The Law Society’s Brussels head Julia Bateman was immediately appointed as interim head of the international department and was confirmed as a permanent replacement in July of this year who will also oversee the India initiatives and discussions. But Wotton, who too took up his job as president in July 2011 and who was accompanied on this India trip by Bateman’s international section colleague Anne Wittman, assures that he would continue taking a “close personal interest in the matter”.
“I think for any profession with as long a tradition of independence as the law, it takes quite some time for a profession to acknowledge and adapt itself to change and the Indian legal profession is one of great distinction and wonderful tradition that we to a large extent share. And our approach to the role of a lawyer and professional ethics in India and England are very similar,” says Wotton when asked to explain the traditional lack of progress in the debate.
And he claims that he is not discouraged by the fact that Australia has had an actual written memorandum of understanding (MOU) with the BCI for joint ventures in the academic field since 2010, without much progress for Australian firms since then, or by discussions on this topic having been ongoing in one shape or another for so long.
Wotton says that now is a different time.
A new day
“There is a recognition widely held that the world is changing and particularly the business world is changing and that the globalisation of businesses requires very joined up international advice,” he notes. “And the tremendous international success of Indian businesses – growing Indian businesses – which are becoming global enterprises means there are enormous opportunities for the Indian legal sector to develop.”
A Ministry of Justice press release sent out on Monday estimated the size of India’s legal market at $4bn with it set to grow to $6.5bn by 2016 and – so claims the press release – “its value to India” would grow to $12.3bn if the market was “fully liberalised”.
Wotton adds that Clarke said in his speech that the UK’s legal sector relative to its gross domestic product (GDP) was more than three times as large as the Indian legal sector relative to its own GDP.
“That tells you something about the opportunities in the legal sector,” he notes, which could achieve a transformation in India just as has happened in London or New York that have become international legal centres. The largest firms in London nowadays were still those that were most prominent in the 1960s when liberalisation there started with the abolition of the 20 partner limit for English law firms, says Wotton, while many European countries that opened up still had strong independent firms.
Staunch anti-liberalisation opponents would argue that Wotton is talking a different ball game here: the UK and US firms have already internationalised while Indian law firms have just started and may never manage to compete fully in the global market place, particularly if the domestic markets were opened soon. Would successful Indian proprietors of law firms not feel that they would be missing a trick?

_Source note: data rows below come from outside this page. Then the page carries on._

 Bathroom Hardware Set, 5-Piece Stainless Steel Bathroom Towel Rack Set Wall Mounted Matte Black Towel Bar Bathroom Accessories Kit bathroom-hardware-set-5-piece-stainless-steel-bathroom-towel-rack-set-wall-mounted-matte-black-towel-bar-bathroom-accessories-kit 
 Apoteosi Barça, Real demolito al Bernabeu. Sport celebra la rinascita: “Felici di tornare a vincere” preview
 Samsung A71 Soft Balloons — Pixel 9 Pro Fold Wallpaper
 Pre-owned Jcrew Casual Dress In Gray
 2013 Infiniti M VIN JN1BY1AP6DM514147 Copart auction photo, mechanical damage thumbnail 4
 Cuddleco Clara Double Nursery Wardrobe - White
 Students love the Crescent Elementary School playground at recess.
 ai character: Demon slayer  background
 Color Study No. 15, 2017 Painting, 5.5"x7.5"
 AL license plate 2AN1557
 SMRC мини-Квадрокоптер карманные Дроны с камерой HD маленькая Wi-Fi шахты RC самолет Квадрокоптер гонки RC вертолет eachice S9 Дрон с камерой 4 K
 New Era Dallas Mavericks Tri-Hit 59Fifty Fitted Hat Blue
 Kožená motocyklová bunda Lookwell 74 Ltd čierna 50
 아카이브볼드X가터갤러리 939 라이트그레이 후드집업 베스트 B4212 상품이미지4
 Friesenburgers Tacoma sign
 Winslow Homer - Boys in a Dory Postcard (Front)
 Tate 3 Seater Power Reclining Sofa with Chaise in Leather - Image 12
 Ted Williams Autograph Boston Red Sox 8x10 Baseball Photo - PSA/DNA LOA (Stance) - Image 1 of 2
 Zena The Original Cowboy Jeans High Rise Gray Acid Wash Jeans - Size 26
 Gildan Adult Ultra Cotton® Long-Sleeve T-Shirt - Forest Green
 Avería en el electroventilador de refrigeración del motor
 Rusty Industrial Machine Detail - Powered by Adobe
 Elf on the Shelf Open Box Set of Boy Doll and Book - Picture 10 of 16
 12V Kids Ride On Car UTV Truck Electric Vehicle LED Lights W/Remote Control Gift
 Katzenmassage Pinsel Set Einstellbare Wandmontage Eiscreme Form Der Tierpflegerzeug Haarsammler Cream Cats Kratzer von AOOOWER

“If Indian firms were to take that view,” answers Wotton, “it is to wholly underestimate the opportunity that is available to them… You only have to look at the quality of people in the leading Indian firms and you can see the opportunities globally.”
Asked on how he and the Law Society would try to sell this concept to the traditional Indian law firm owners, sole proprietors or other opponents to their plans, Wotton does not give a clear response but only says, diplomatically: “I think you can take it for granted we will speak to everyone we think has something to contribute to the debate.”
Of course, by today this debate is something that many Indian negotiators will be extremely experienced at.